When the war isn't over

Emory programs help veterans on the home front


Man looks into a mirror and sees a soldier

 

By Maria M. Lameiras

One morning in March of this year, Matt Barnes was on the porch of his home on a rural 10-acre parcel of land near Cartersville, Georgia, cutting lumber for a remodeling project. In the distance, he could hear gunfire—not unusual for that area due to hunting and recreational shooting. But on this particular day, the gunshots continued, unrelenting, throughout the day.

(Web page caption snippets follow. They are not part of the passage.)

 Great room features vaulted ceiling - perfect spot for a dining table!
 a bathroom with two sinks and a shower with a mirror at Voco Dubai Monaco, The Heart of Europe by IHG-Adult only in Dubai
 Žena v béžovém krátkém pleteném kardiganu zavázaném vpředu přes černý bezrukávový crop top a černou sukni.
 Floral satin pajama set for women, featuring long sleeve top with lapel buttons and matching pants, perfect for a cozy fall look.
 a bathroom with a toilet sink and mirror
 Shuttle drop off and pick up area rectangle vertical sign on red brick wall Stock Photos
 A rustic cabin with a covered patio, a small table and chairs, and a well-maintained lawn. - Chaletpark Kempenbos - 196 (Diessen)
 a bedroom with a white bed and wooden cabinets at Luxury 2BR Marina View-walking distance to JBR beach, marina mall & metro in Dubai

That month marked 11 years since Barnes was discharged from the US Marines, and more than a dozen since he stepped on the airplane that would bring him home after nearly a year on the front lines of the war in Iraq. Yet each rifle crack that day brought the memories closer.

“My anxiety just started getting higher and higher," says Barnes, who finally took a break for dinner with his wife, Crystal, and his mother-in-law. "When we came back, I was fine. I went back out on the porch cutting wood, and shots start getting fired again. I don’t remember anything after that."

Some time later the women noticed he was gone from the porch and began to search for him.

“Crystal and her mom found me in the barn. I had kicked the door in, I had my .45, and I was clearing rooms,” Barnes says, referring to the military close-quarters combat practice of checking the interior rooms of buildings for threats. “I don’t remember any of it. The first thing I remember after being on the porch was her mom touching me on the shoulder and saying, ‘Matt, give me the gun.’ ”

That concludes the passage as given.